External Metadata unable to distinguish documents based on file extension

Not so much a question as a bug I've found - possibly already resolved in later versions of Funnelback.

 

We are using asset listings to generate external metadata for injecting data for documents during indexing.  It appears that Funnelback has a limitation (possibly by design?) where it is unable to distinguish between documents (or web pages, I would presume) where the only difference is in the file extension.

 

E.g. I am indexing 2 documents and trying to inject external metadata of the following format:

http://my/imaginary/path/xyz.doc a:"data_1"
http://my/imaginary/path/xyz.pdf a:"data_2"

I would expect that the first document gets set to "data_1" and second document gets set to "data_2" for metaclass a.

 

What actually happens:

  • First document gets "data_1".
  • Second document gets nothing.

If you switch the order of the lines in external_metadata.cfg then:

  • First document gets "data_2"
  • Second document still gets nothing.

If you change any part of the filename or path for one of the documents, anything except the file extension, so that it is different to the other one the result is:

  • Both documents get the relevant data.

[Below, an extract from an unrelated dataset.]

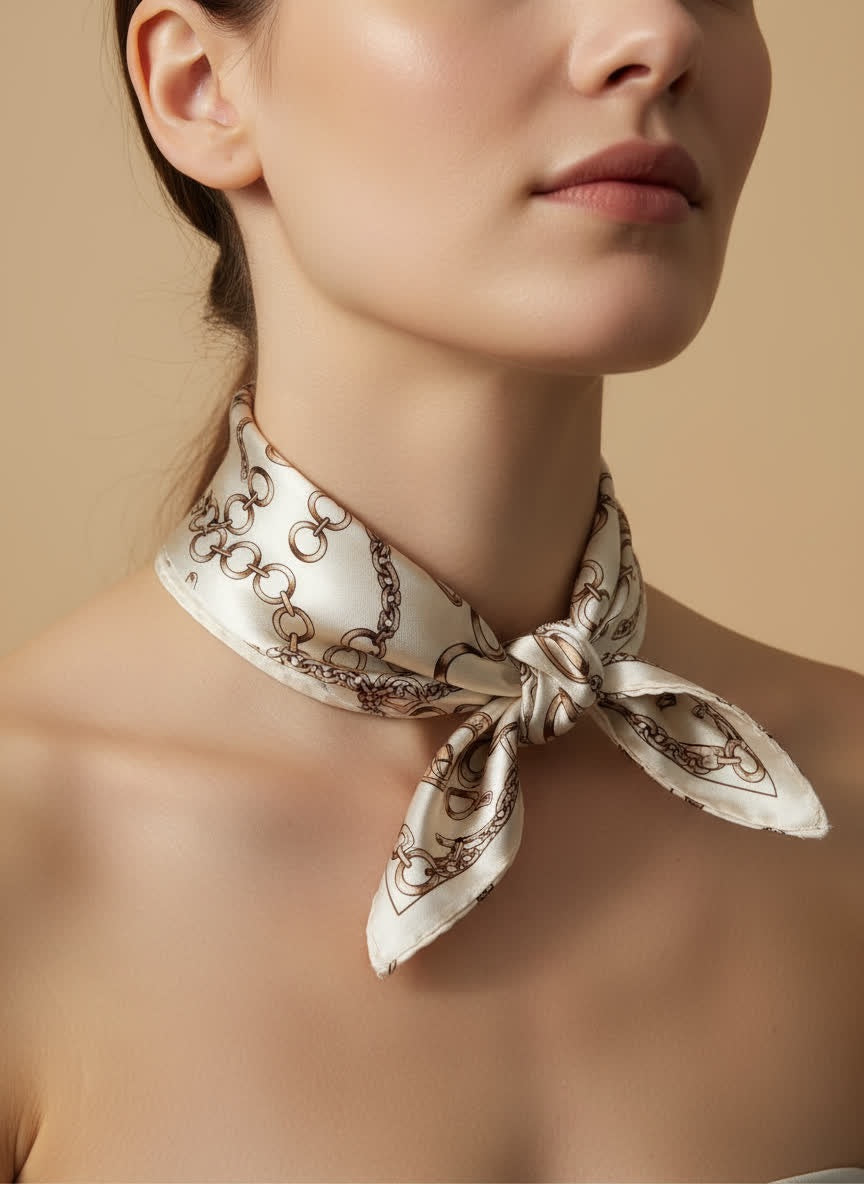 Foulard imprimé chaînes dorées – ivoire ou bleu pastel BEIGE/TAUPE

If you switch the order they documents are crawled (in start_urls) then the result is (assuming my original external_metadata.cfg):

  • Second document gets "data_1"
  • First document gets nothing.

 

What seems to be happenning:

Funnelback indexer is not able to distinguish that documents with identical paths and filenames but different file extensions are actually different.  This is in keeping with the manuals that say if a duplicate entry is found only the first is used.  It seems Funnelback is seeing them as duplicates and just using the first.

 

This *may* be intentional, for example, to cater for situations where you may have both index.html and index.htm, you may want Funnelback to treat them as the same resource.

 

It also may be a bug that is fixed in a later version.

 

When is this an issue:

We have a lot of cases of this issue since we are providing both formats for most (all?) documents.  I.e. all documents will have at least a .doc version, and most have a .pdf as well.  They are essentially the same document so most often have the same name.

 

Why this is frequently not an issue in Matrix:

Once a file asset is published (assuming public read) the document is moved to the public area for Apache, which among other things adds the asset id to the path.  This results in a different (and unique) path so there's no double-up.

 

This *will* still be an issue if you are not setting documents to Public Read, e.g. trying to set up collections and indexing prior to a site going live in Matrix, documents served from a secure site like an extranet where they are not set to Public Read, etc.

 

Mitigation:

Only thing I can think of ensuring that affected documents do not have the same filename.  Brute-force way may be list all documents sorted by path and name and manually checking for "duplicates" - or some fancy javascript would also do the trick, checking the next row, comparing filenames, etc.).

 

I've tried using search operators to find where metadata classes are empty.  For example, I map every asset's id to the metadata class 'I' - makes testing a breeze.  So every record should have a value for 'I' no matter what.  Trying to find an operator that shows all results where 'I' is null, e.g. I:null, but no luck so far (perhaps better minds than mine have the know-how).

 

Currently is an issue for me only because site is not live yet.  As explained above, once live the problem 'magically' goes away.

 

Funnelback Enterprise v12.2.1.  Not sure if it's just our version, or if there's an indexing option I need to tweak.  Mostly providing this info so if anyone has the same issue they don't spend the time I did clawing out my eyes.

Hi Tim - 

 

Thanks for your very detailed post.  There may be some additional things to investigate which could reveal the issue:

 

1. Investigate index logs

Earlier versions of Funnelback (<14.2) expected empty line breaks at the end of external_metadata.cfg - any issues encountered when processing external metadata should be output in $SEARCH_HOME/data/COLLECTION/VIEW/log/index.log

 

2. Use of URL prefixes

 

I'll see if the Funnelback R&D can confirm this, but URL prefixes are assumed to be the input format.  If multiple lines in the metadata file start with an identical prefix, only the first will be effective. (http://docs.funnelback.com/12.2/external_metadata.html)

 

3. Test queries for empty metadata fields

 

This is a worthwhile debugging method:  the syntax you'll need looks like -

-a:$++ $++

This syntax is searching for any result that does NOT have a value for metadata field 'a'.  The '$++' symbols are token delimiters.

Hi Tim -

 

Looks like this was a known bug in that version of Funnelback, with a patch available for versions back to 12.2.x.

 

Your best course of action is to contact support@funnelback.com requesting the patch (reference 'SUPPORT-1518') .  Once applied, it should take effect after reindexing the collection in question.

Thanks Gordon

 

We'll probably hold off patching at this stage - currently going through a bit of upheaval here at the moment.  Like I said, it's not a show-stopper for us, but thanks for the info idenfiying the bug.  Will be very helpful if it becomes a problem for us in the future. 

 

Also, really appreciate the tip using -a:$++ $++ syntax.  Works a treat and has made some previously very difficult things much, MUCH easier for me.

 

Cheers

No worries.  Best of luck!